Early life and training
Klee was born in Münchenbuchsee, Switzerland into a musical family. His father, Hans Klee, was a
German music teacher and his mother, Ida Frick, was a singer.
Klee started young at both art and music. At age seven, he started playing the violin, and at age eight,
his grandmother gave him a box of chalk (=tiza). Klee was talented in music and art.
In 1898 he began studying art at the Academy of Fine Arts in Munich with Heinrich Knirr and Franz von Stuck. He
was very good at drawing but seemed had no natural colour sense.
After receiving his Fine Arts degree (=grado), Klee went to Italy. He
stayed in Rome, Florence, and Naples, and studied the master painters of past centuries.
Returning to Bern, he lived with his parents for several years, and took
some art classes. By 1905, he started with some experimental techniques, including drawing with a needle on a blackened
pane of glass (=hoja de vidrio).
Klee was still dividing his time with music, playing the violin in an orchestra and writing concert and theater
reviews (=críticas).
Marriage and early career
He married Lily Stumpf, a pianist, in 1906 and they had one son named Felix Paul. They
lived in a suburb of Munich, and while she gave piano lessons and performances, he kept the house
and painted.
In 1910, he had his first solo exhibition in Bern.That year he met Wassily Kandinsky, Franz Marc, and
other avant-garde
(=de vanguardia) figures, and became associated with the art group known as
Der Blaue Reiter (The Blue Horseman). The association with
Kandinsky opened his mind to modern theories of color.
His travels to Paris in 1912 exposed (=expuesto)
him to Cubism. Klee began working out his own
colour experiments in pale
watercolors (=acuarelas) and did some primitive landscapes
(=paisajes), including 'In the Quarry '(1913) and 'Houses near the Gravel Pit'
(1913), using blocks of color.
In
1914 Klee went to Tunisia for two weeks. He arrived in Kairouan, Tunisia
on April 15, 1914. Kairouan means "the fortified town" in Arabic.
After returning home, Klee painted his first pure abstract. 'In the Style of
Kairouan' (1914), composed of colored
rectangles and a few circles. The colored rectangle became his basic building block, what some
scholars (=eruditos) associate with a musical note.
A few weeks later, World War I began. At first, Klee was not involved in it,
but in 1916, he joined the German war effort, and ended up painting camouflage on airplanes and working as a
clerk (=oficinista). He continued to paint during the entire war and managed to exhibit in several shows.
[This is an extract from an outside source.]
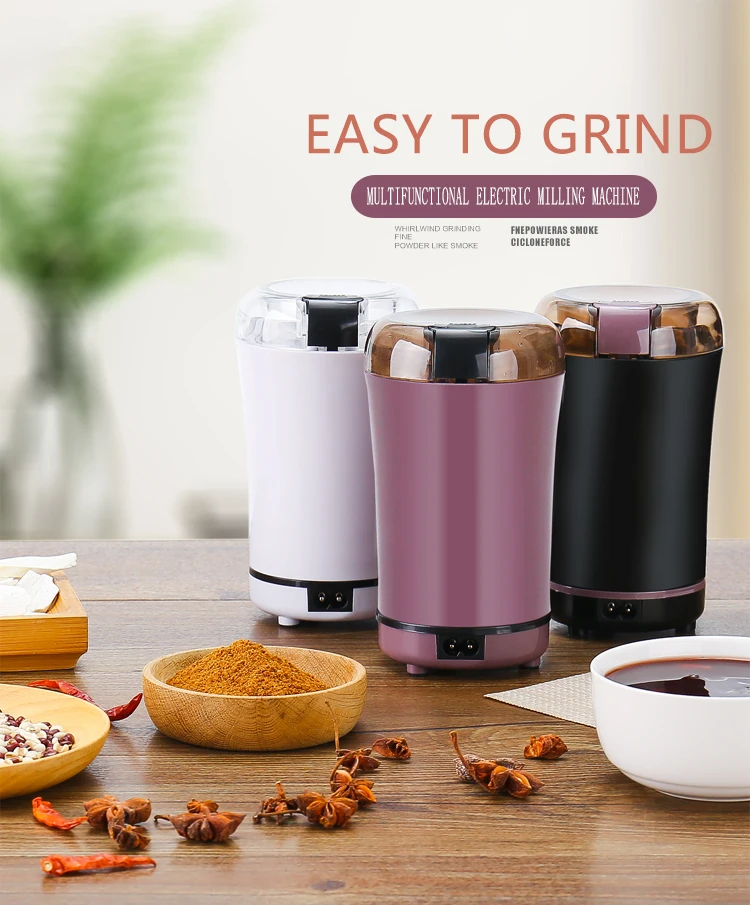 1pc Electric Mini Coffee Grinder Manual Blender Mini Hand-Cranked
In 1917, Klee’s work was selling well. His 'Ab ovo' (1917) is interesting for the sophisticated technique he used. It employs watercolor on
gauze
(=gasa) and paper with a chalk ground (=tiza
molida).
Mature career
Klee taught at the Bauhaus, the art school newly formed in 1919 to unite arts and
crafts (=artesanías). Klee was a “Form” master in the
bookbinding (=armado de libros), stained
glass (=vitraux), and mural painting workshops. From
the start, the Nazi movement denounced the Bauhaus for its "degenerate art" and in 1933 they
shut down the Bauhaus. They also searched Klee's home and he was fired from his job. His self-portrait
'Struck from the List'(=Tachado de la Lista)(1933)
commemorates (=conmemora) the sad occasion.
In 1933-4, Klee had shows in London and Paris, and finally met Picasso whom he greatly admired. The Klee family emigrated to Switzerland in late 1933.
Klee was in his most creative moment. His 'Ad Parnassum' (1932) is considered his masterpiece and the best
example of his pointillist style.

He died in Muralto, Locarno, Switzerland, in 1940.